**Study material**.
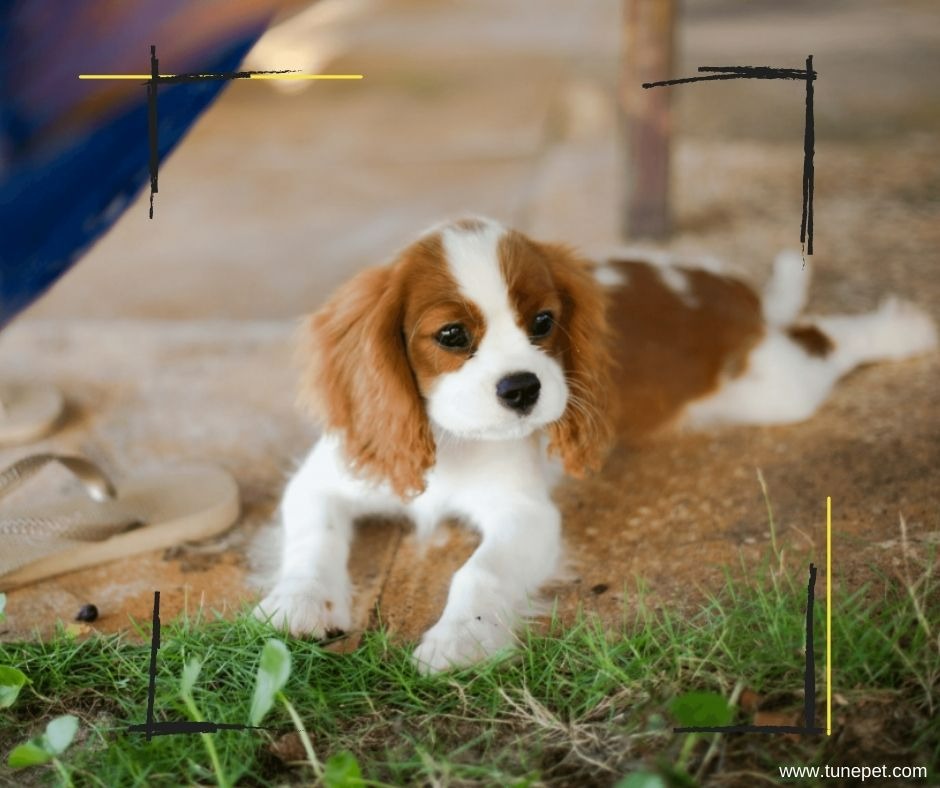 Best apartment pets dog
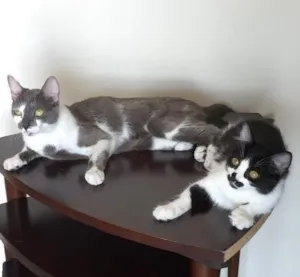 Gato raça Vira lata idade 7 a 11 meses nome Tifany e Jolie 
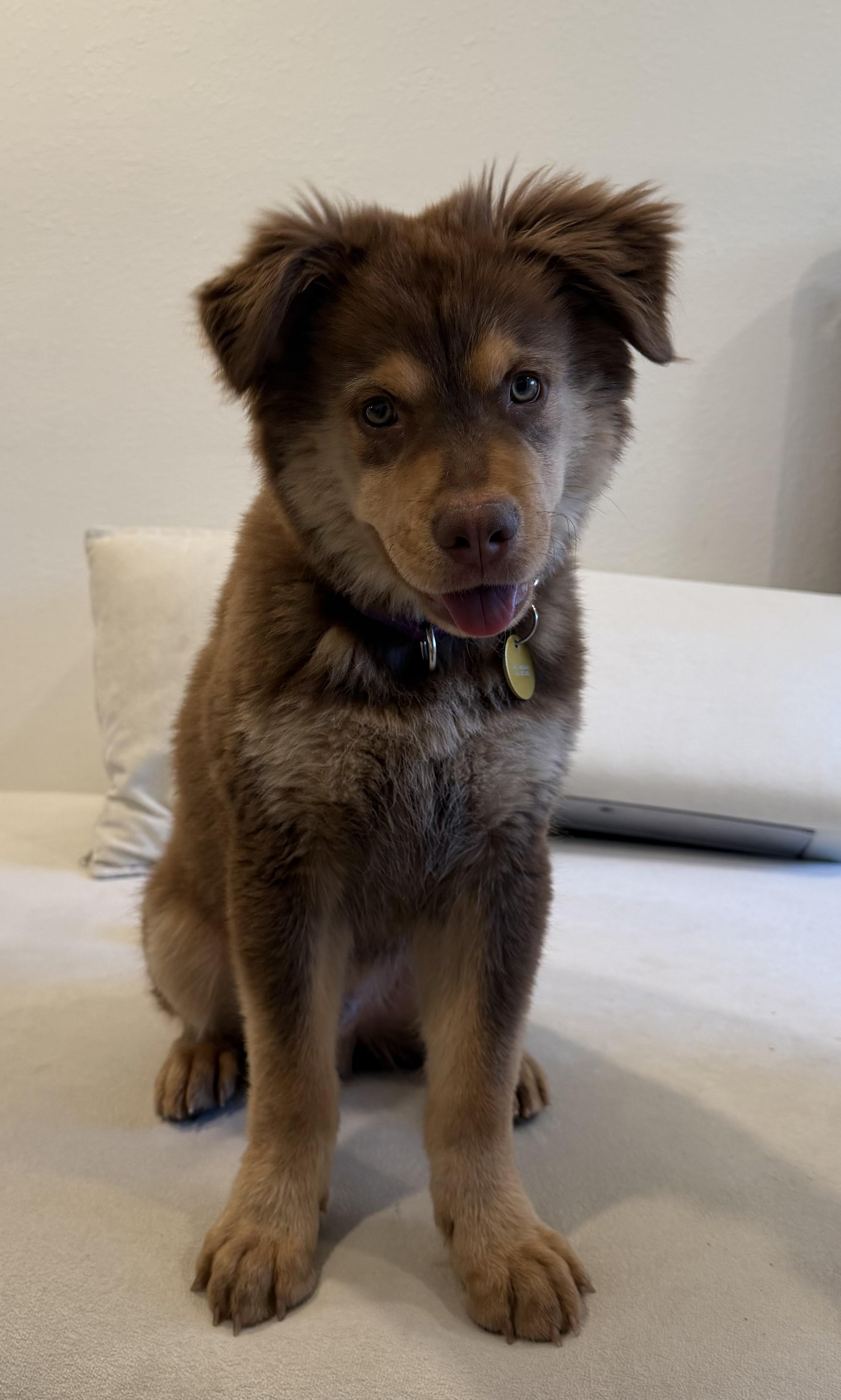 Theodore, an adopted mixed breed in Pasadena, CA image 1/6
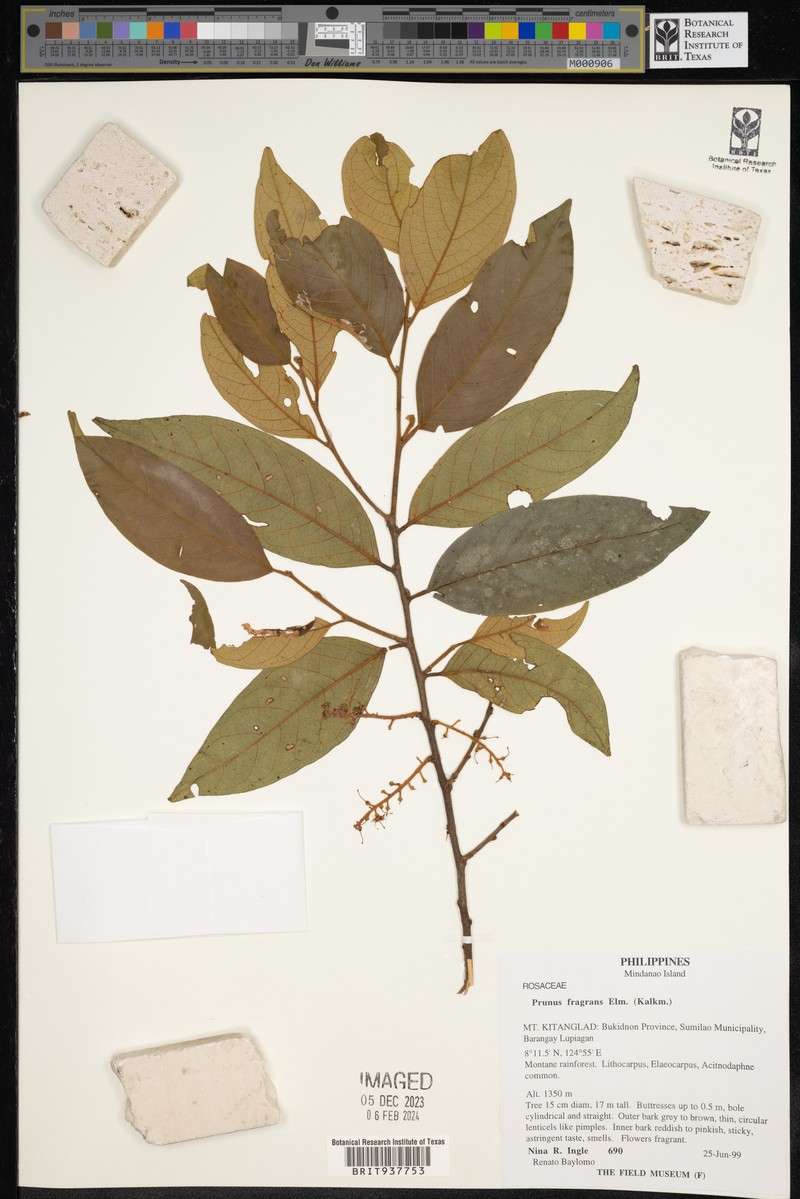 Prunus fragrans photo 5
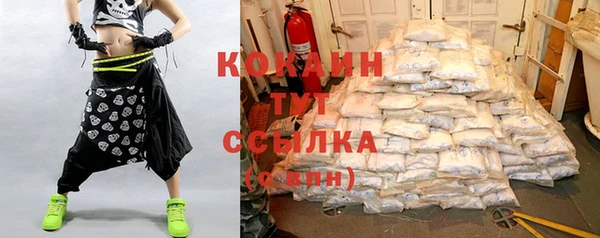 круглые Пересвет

--

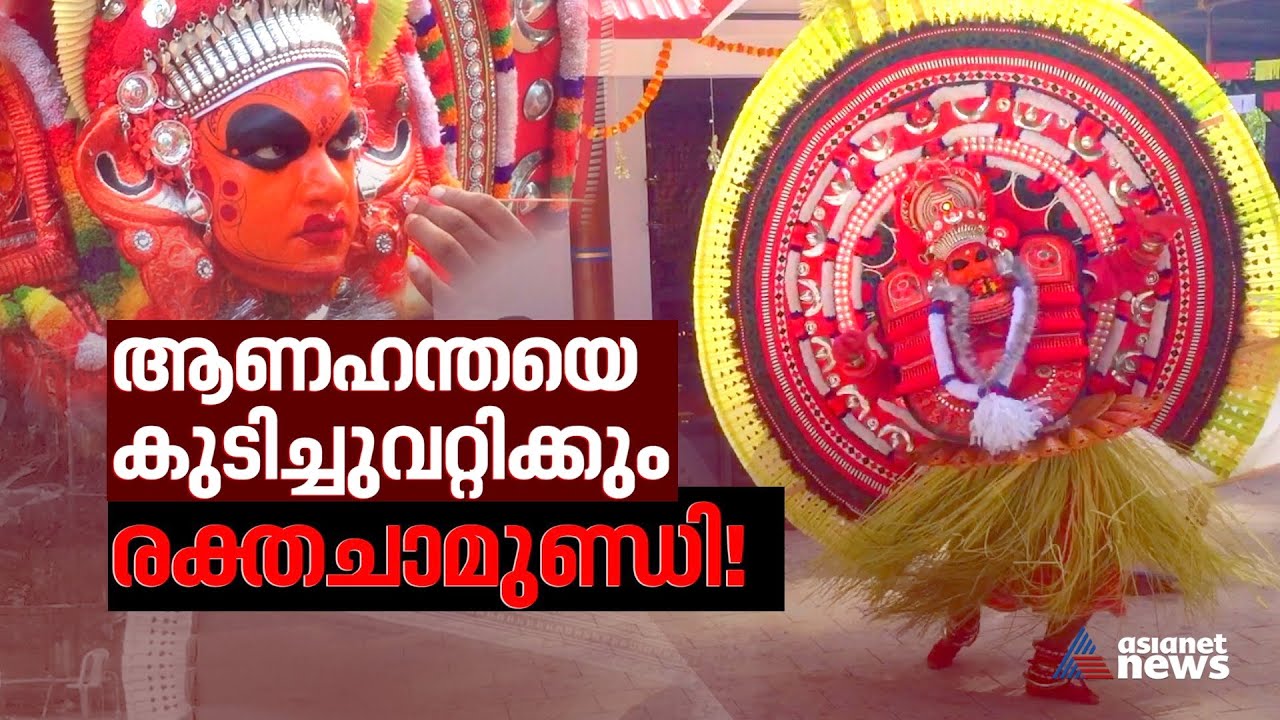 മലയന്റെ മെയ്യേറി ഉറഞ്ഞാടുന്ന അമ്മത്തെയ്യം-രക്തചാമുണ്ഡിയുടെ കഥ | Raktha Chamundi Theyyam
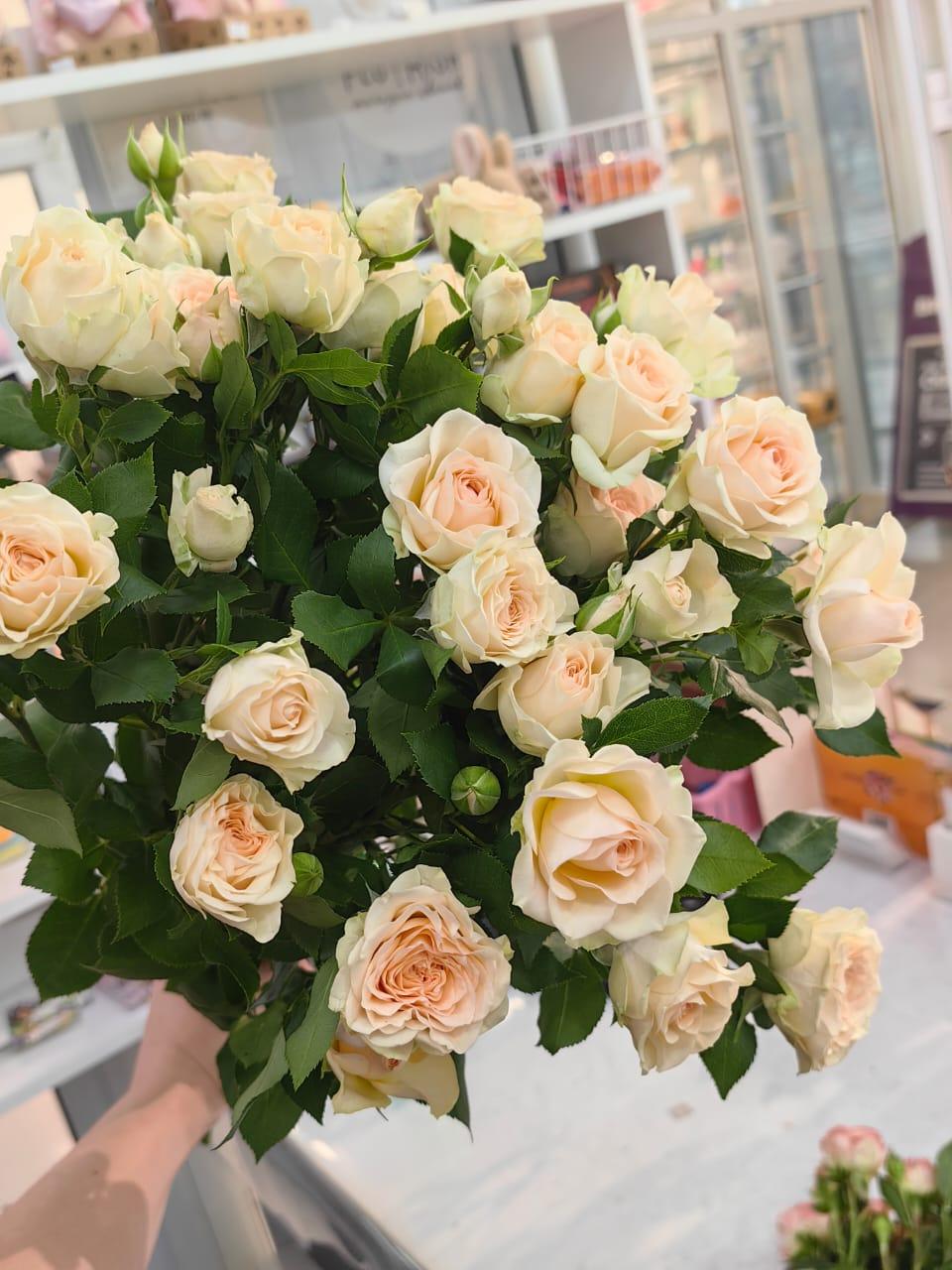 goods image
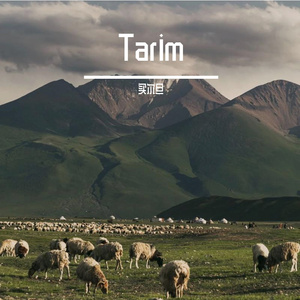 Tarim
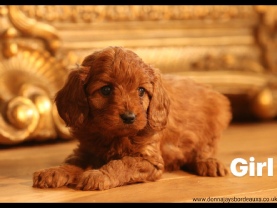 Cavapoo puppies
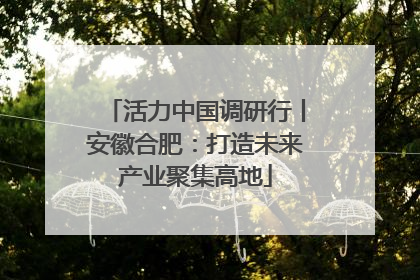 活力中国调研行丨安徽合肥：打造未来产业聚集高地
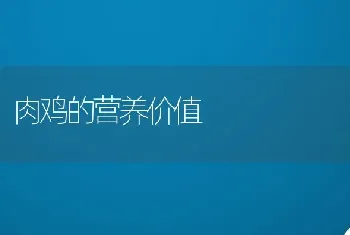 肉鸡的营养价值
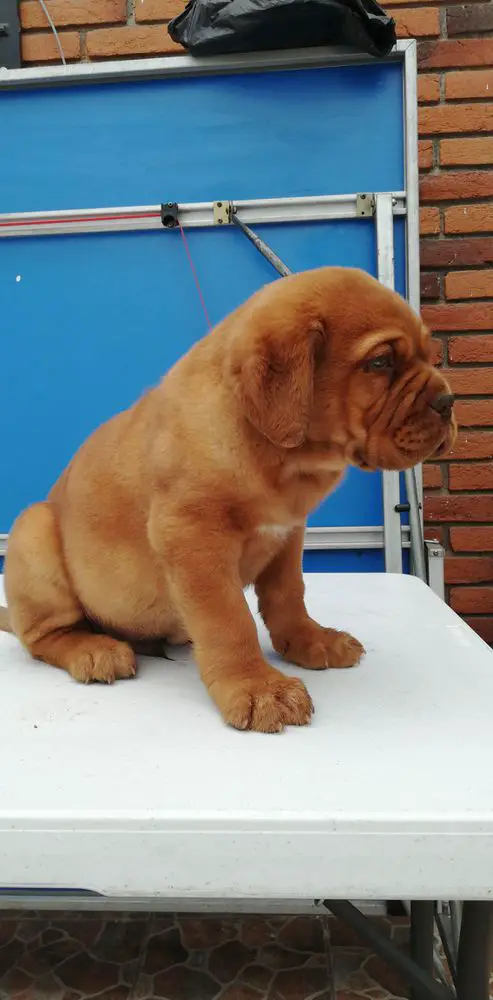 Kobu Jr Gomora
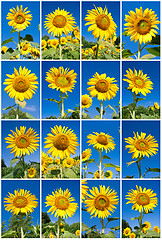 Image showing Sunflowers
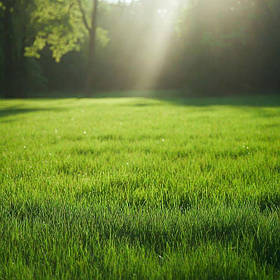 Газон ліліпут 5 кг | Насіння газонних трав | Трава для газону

...

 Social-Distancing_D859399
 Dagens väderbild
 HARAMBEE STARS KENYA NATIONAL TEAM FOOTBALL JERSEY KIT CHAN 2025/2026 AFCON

**Action item**.
Please output, exactly as written, the lines above from the one holding "Theodore, an adopted" through the one holding "круглые Пересвет", both included, with the pictures omitted.

**Your solution**.
 Theodore, an adopted mixed breed in Pasadena, CA image 1/6
 Prunus fragrans photo 5
 круглые Пересвет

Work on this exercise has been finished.